Reuters/Tokyo


New Bank of Japan board member Yutaka Harada said yesterday it is “impossible” to consider the central bank’s 2% inflation target and the two-year timeframe for achieving it as “rigid” goals.
The remark contradicts BoJ Governor Haruhiko Kuroda’s stance that the central bank ought to persist in hitting 2% inflation within a deadline, which is now set for during or around the fiscal year that will begin April 1.
The BoJ adopted in April 2013, and expanded in October last year, quantitative and qualitative easing to accelerate inflation to 2% in a country that has been mired in deflation for the past decade-and-a-half.
But core consumer inflation slowed to 0.2% in January due largely to the pressure from falling oil prices, keeping alive market expectations of further monetary easing.
“Various things happen in the economy, so it’s hard and even impossible to consider the 2% inflation target and the two-year timeframe for hitting it as rigid goals,” Harada told his inaugural news conference.
“But the 2% inflation target is an important commitment and led to the current economic recovery,” he said.
A former Waseda University professor known as a vocal advocate of aggressive monetary easing, Harada replaced Ryuzo Miyao, an academic whose five-year term ended on Wednesday. Harada added there was still room to expand the BoJ’s government debt purchases but saw no need to ease policy now, which would quell speculation that the central bank would expand policy next month.
He also indicated he was likely to vote in line with the BoJ governor, meaning he could support Kuroda in the future if further monetary easing was needed to push up inflation.
Harada said a lack of improvement in Japan’s deflationary mindset and stalling inflation would be the trigger for any expansion in quantitative easing.
Japan was mired in deflation for 15 years, and consumers became so accustomed to falling prices that central bankers placed a lot of emphasis on changing this mindset.
“I think what’s important is to ensure that inflation does not sharply exceed 2%, and to prevent deflationary mindset from heightening again,” he said.
Harada joins a board deeply divided between Kuroda and his two deputies, who are adamant about hitting the price target, and the six other members who are cautious of acting again just to accelerate inflation.

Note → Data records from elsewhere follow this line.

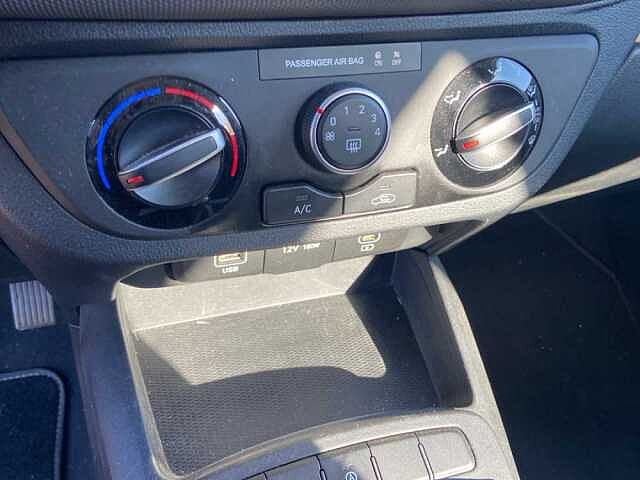 Hyundai i10 1.0 GPL Econext Connectline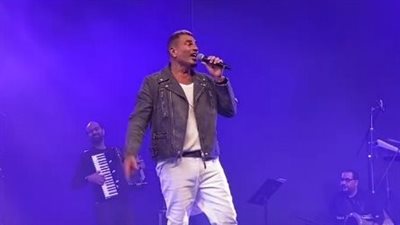 كلاسيكيات عمرو دياب تسيطر على حفل دبي (فيديو وصور)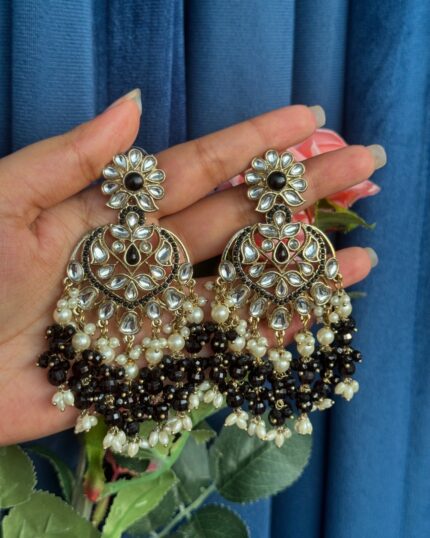Avneet Crystal Earrings – Black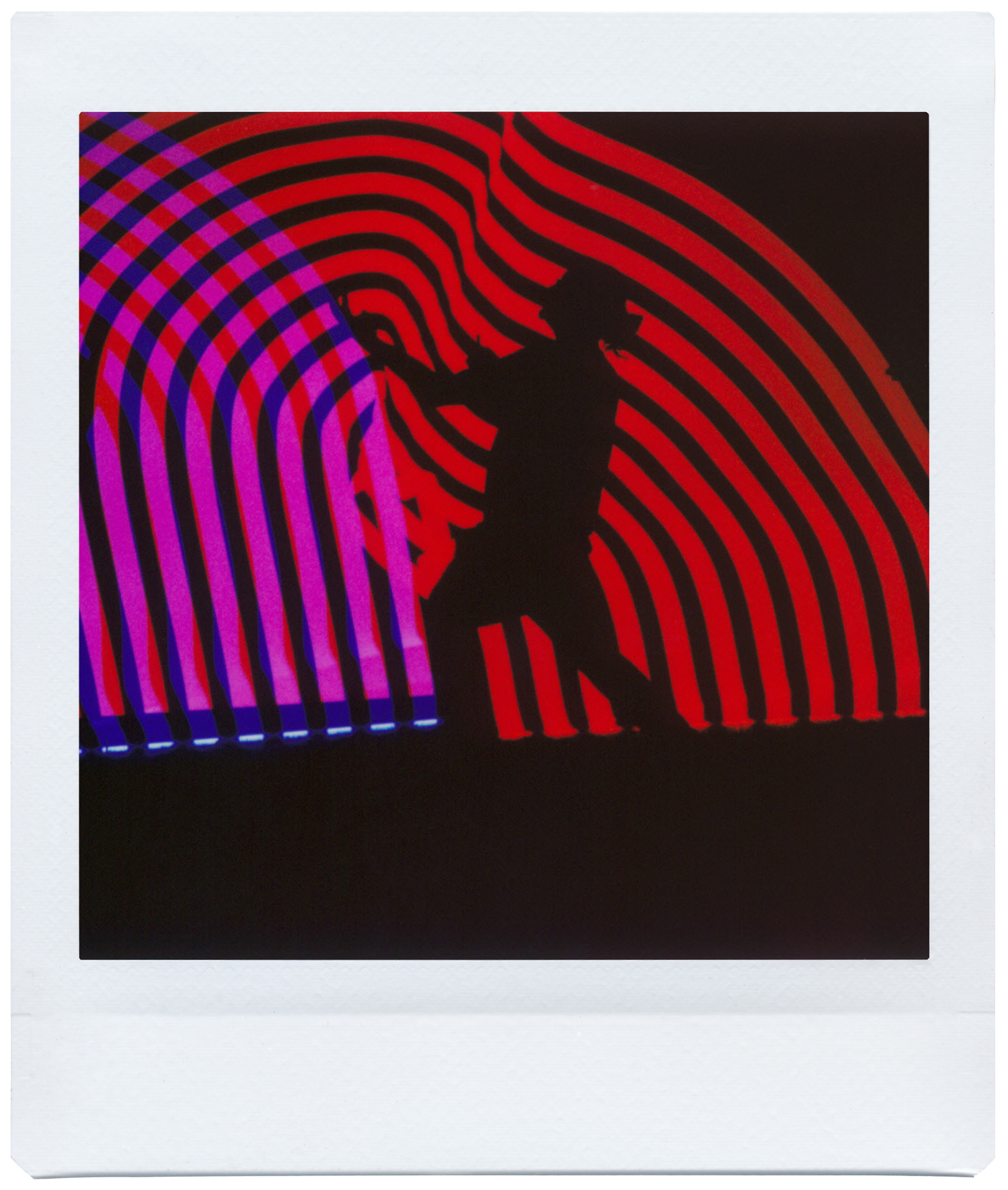 メーカー提供（使用フィルム：instax SQUARE）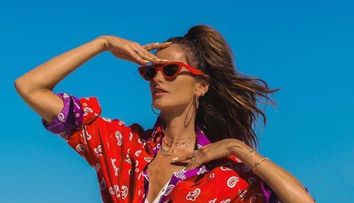 Izabel Goulart a încins nisipul din St. Barts! Imaginile care i-au adus peste 150.000 de like-uri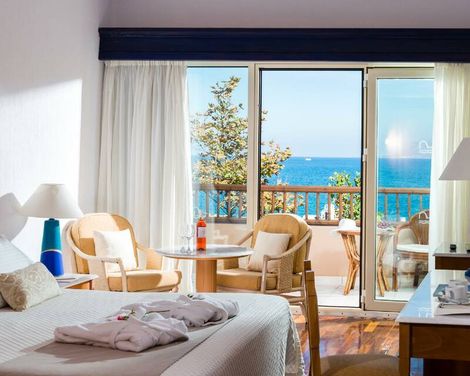 Leptos Panorama Hotel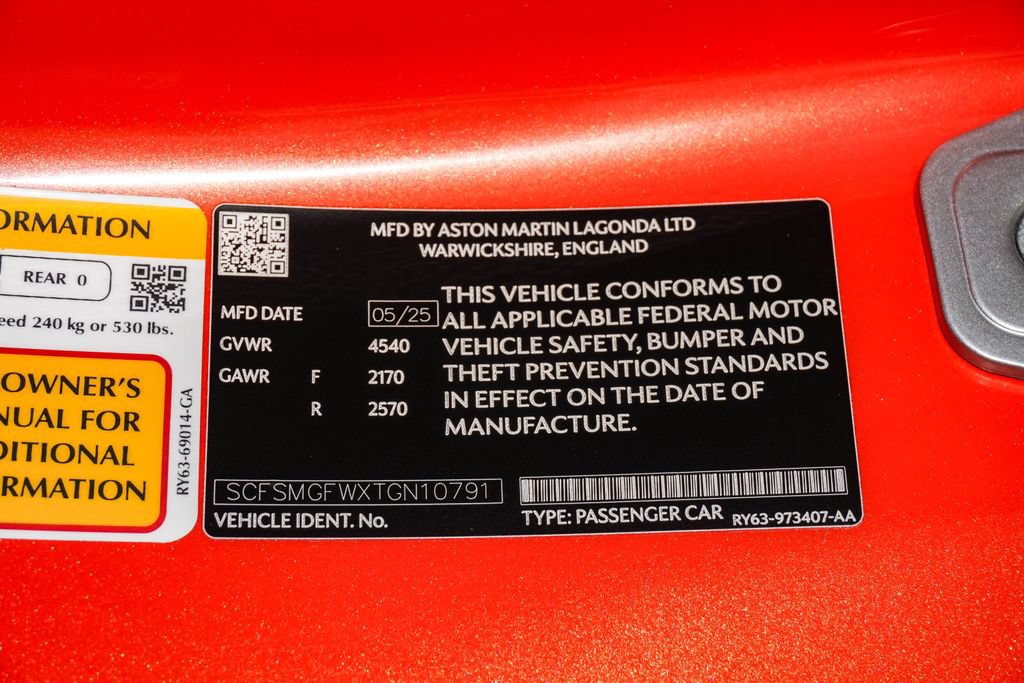 Used 2026 Aston Martin V8 Vantage Coupe RWD image 35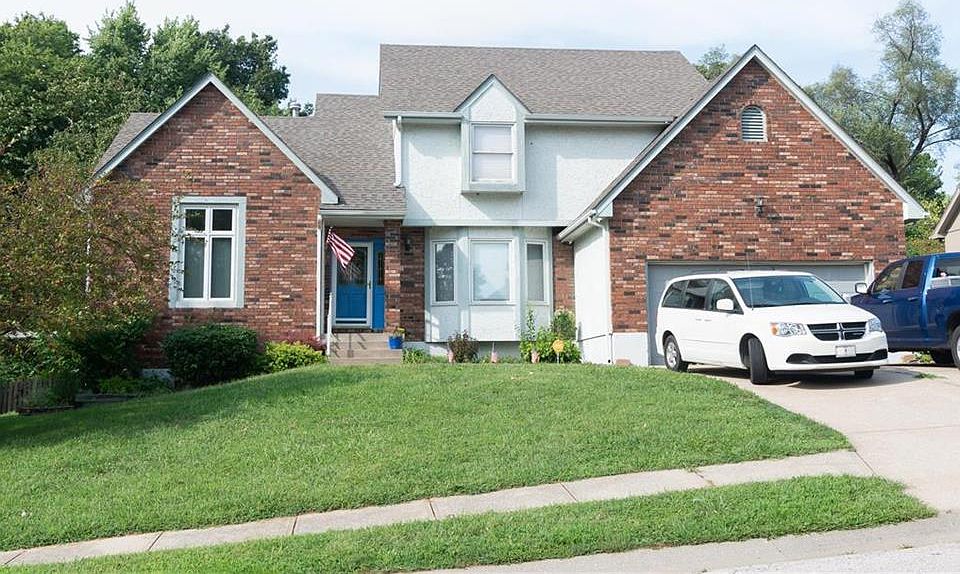 1st image of 2921 NW Westbrooke Cir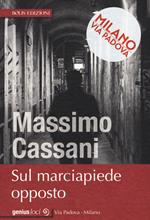 Sul marciapiede opposto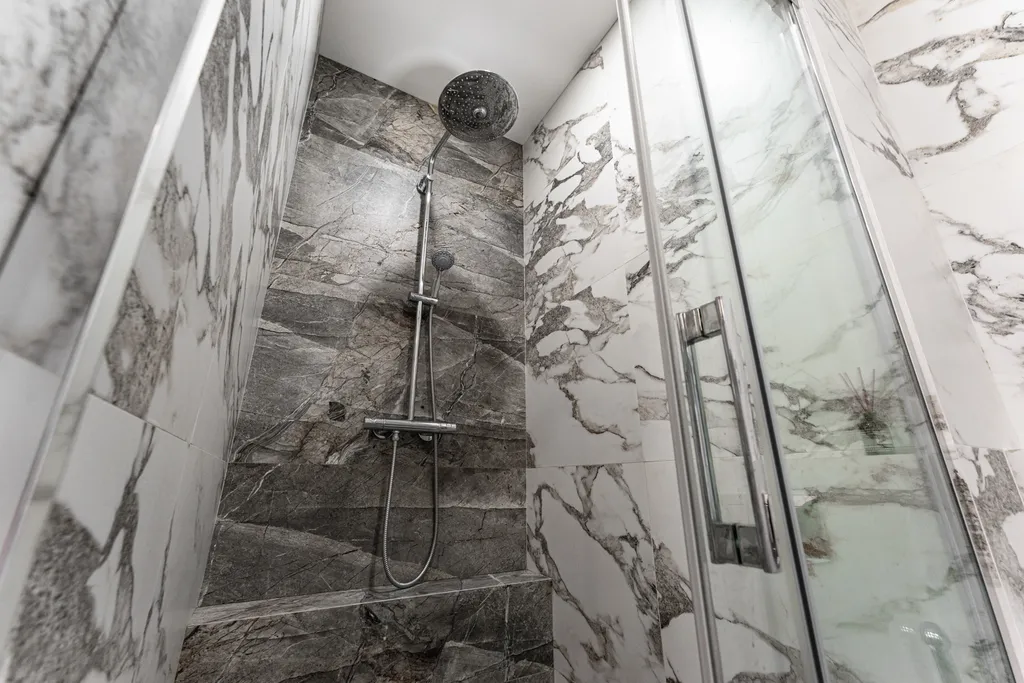 Vip апартаменты в парус-сити на 21 этаже, 101 метр, центр, 2 балкона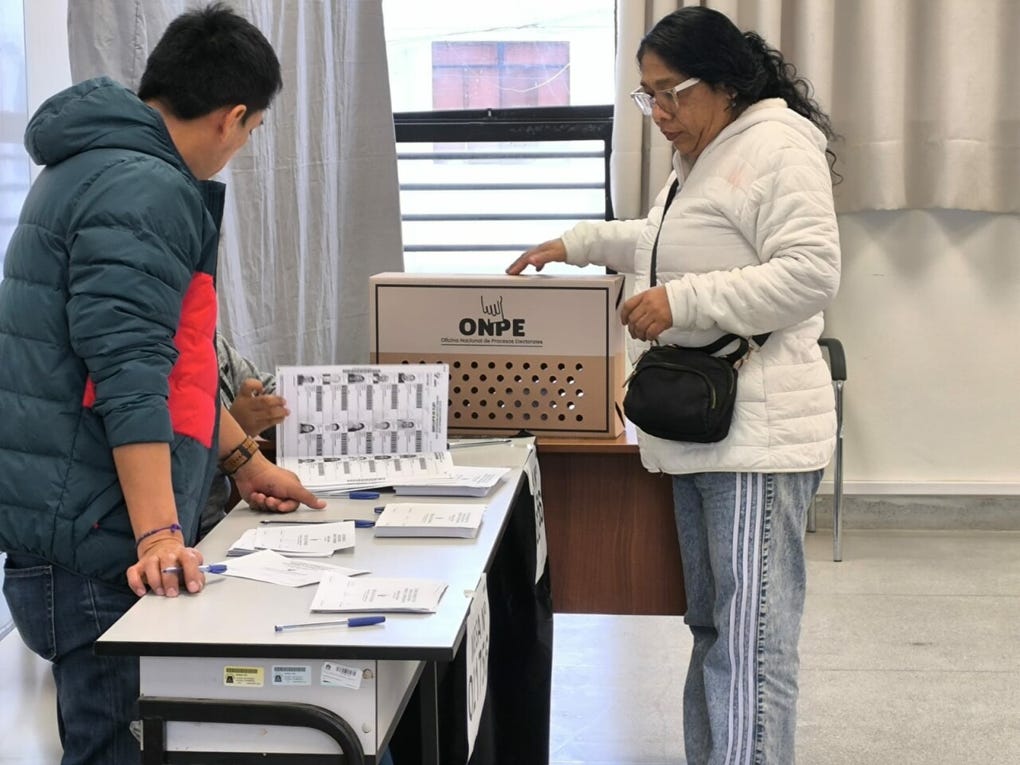 Electora colocando la <strong>cédula de votación</strong> con su <strong>voto</strong> en la <strong>ánfora</strong> en mesa instalada en la <strong>Universidad San Luis Gonzaga </strong>de <a data-mce-href=https://rpp.pe/peru/ica href=https://rpp.pe/peru/ica><strong>Ica</strong></a>.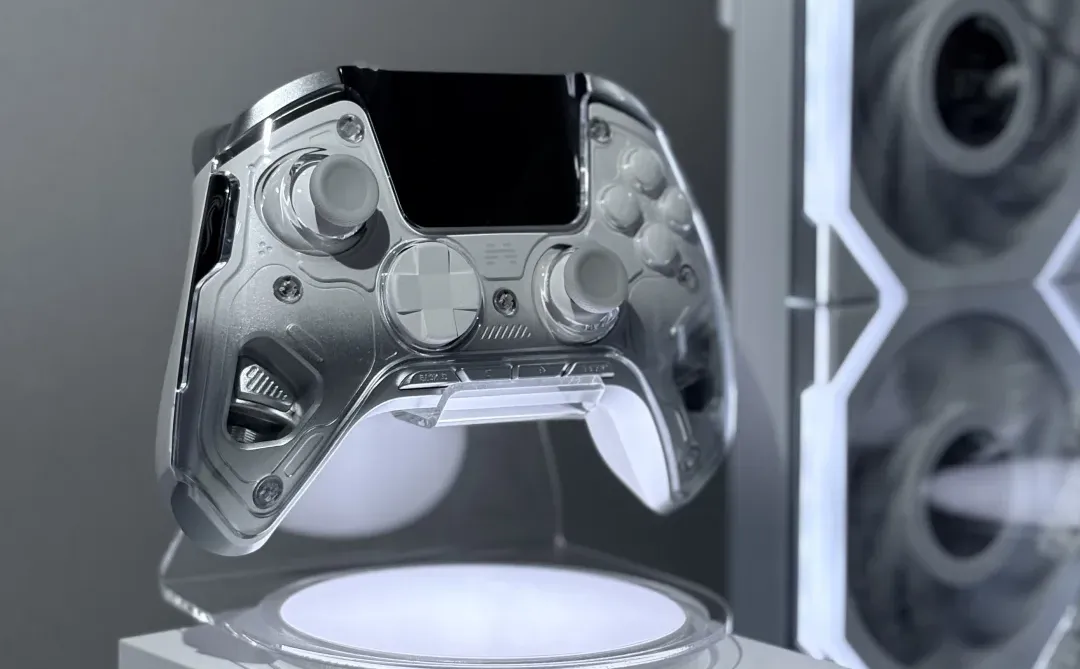 说好的情侣电竞房，却成了我一个人的…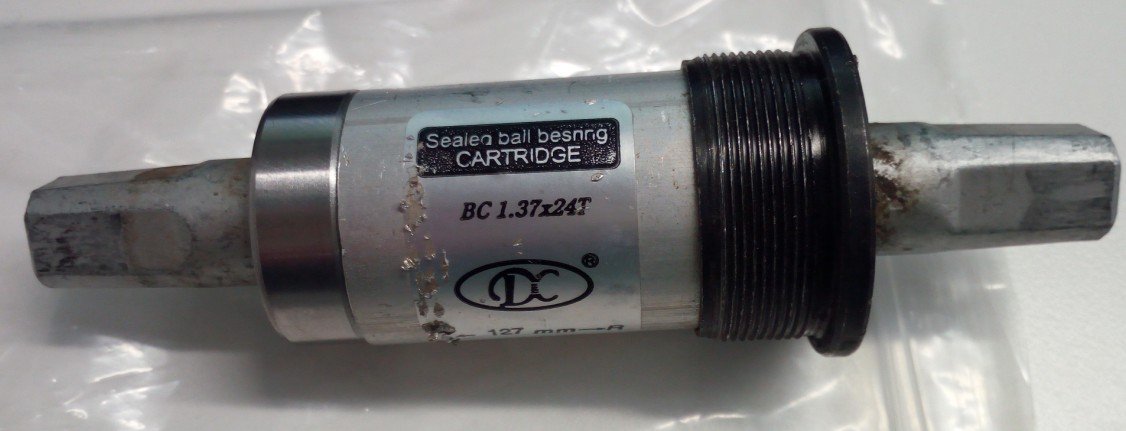 Aoweite double car center shaft Bearing tandem bicycle center shaft Sightseeing car center shaft Four-person car center shaft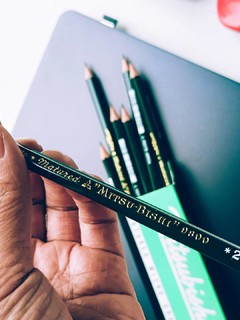 ​笔触细腻，硬度齐全~三菱9800铅笔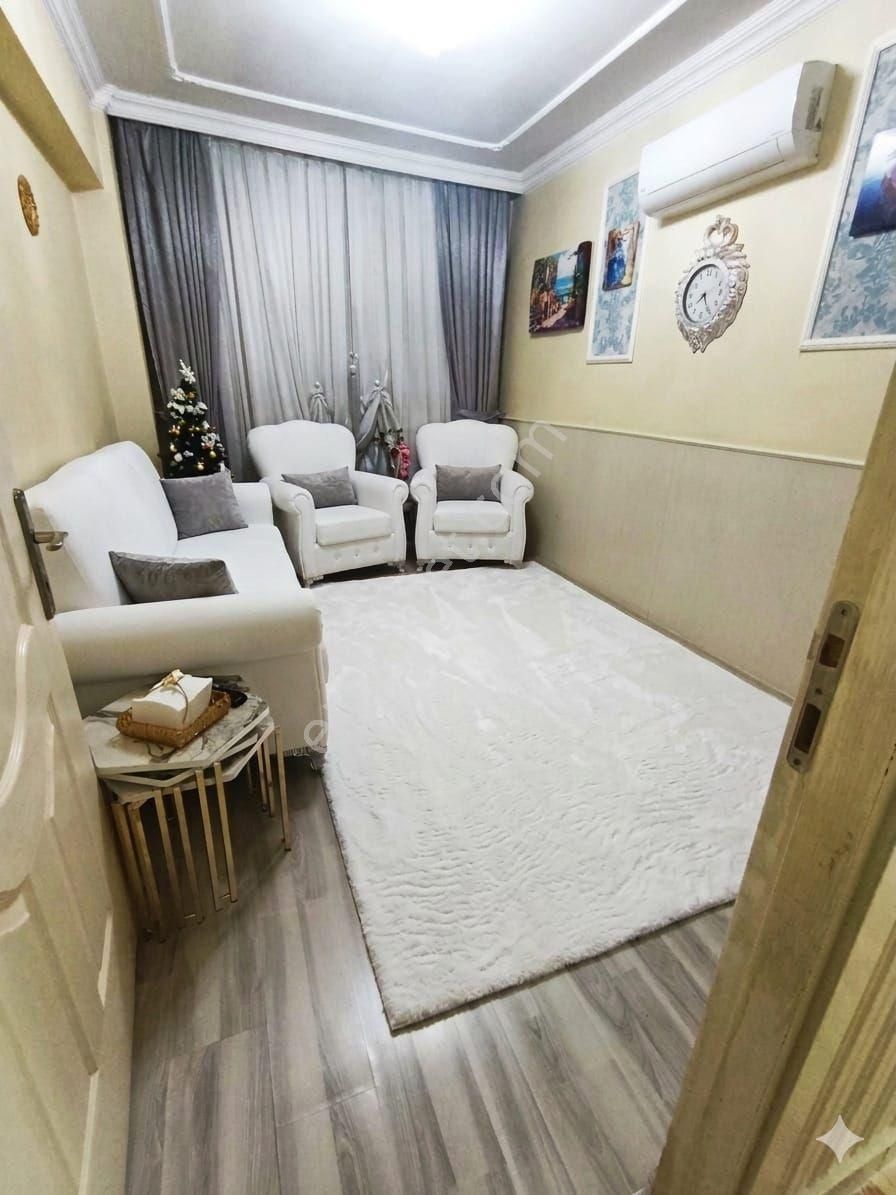 Sahibinden Acil Satılık Şehir Merkezinde Krediye Uygun Masrafsız Daire Yazicik Konutlarinda 8 Yillik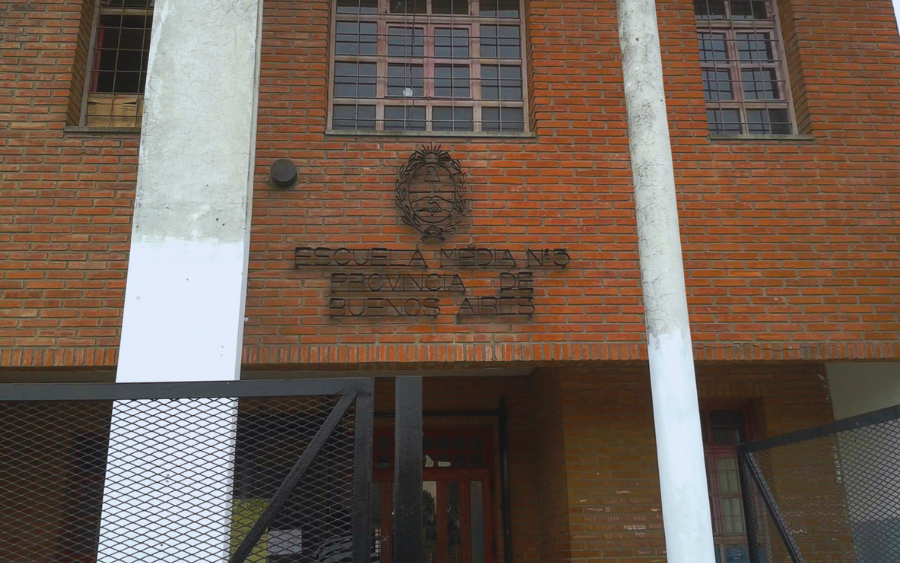 Escuela media 5 Varela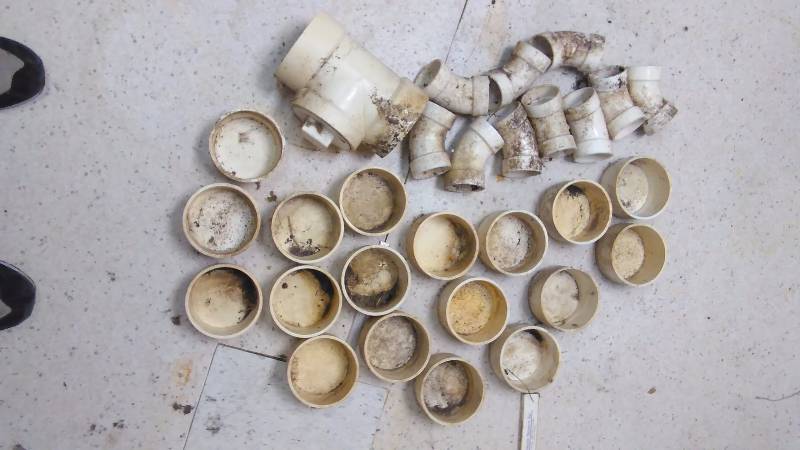 lot 18 image: PVC 2 45 degree elbows (10), 4 caps (18), 4 T with cap - all new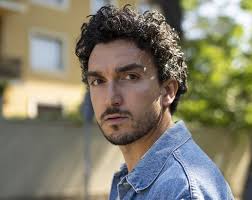 Intervista con Matteo Cirillo, protagonista del corto “Un bagaglio  leggero”: “Se senti l'urgenza di raccontare storie belle, vere, il nostro  mestiere diventa una missione”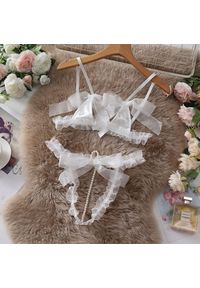 Intica - Komplet bielizny z siateczki z wstążkami Sallee. Kolor: biały. Materiał: materiał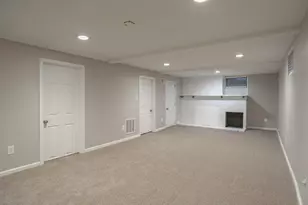 6418 Knoll Street N, Golden Valley, MN 55427 - Photo 17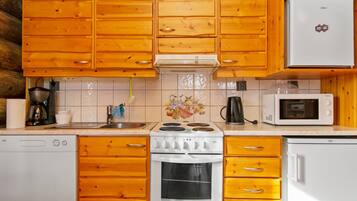 Fridge, microwave, dishwasher, cookware/dishes/utensils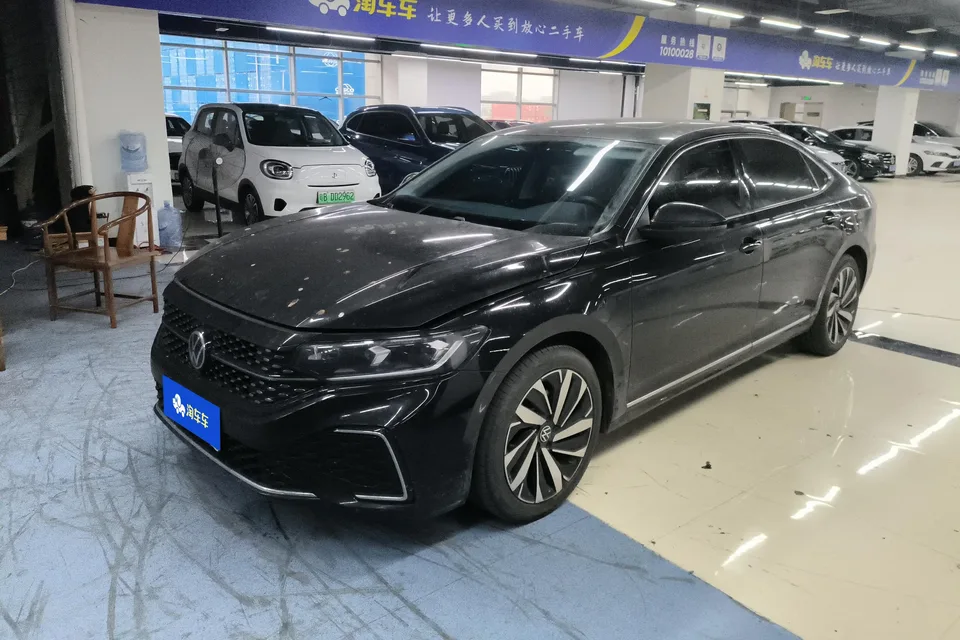 Volkswagen Passat 2022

The government will have another chance to shift the board’s balance in favour of Kuroda when the term of Yoshihisa Morimoto, who voted against the October easing, expires in June.
Many market players expect the BoJ will ease again sometime during 2015, with some predicting action as early as April, when the BoJ issues new long-term price forecasts.
Harada said there could be limits to expanding the BoJ’s purchases of exchange-traded funds and real estate investment trusts, and indicated he would favour additional government debt purchases as a way to ease policy.
When Japan’s economy reaches full employment the jobless rate would be around 2.5%, Harada said. This is well below the current rate of 3.6%, which means he still sees some slack in the economy.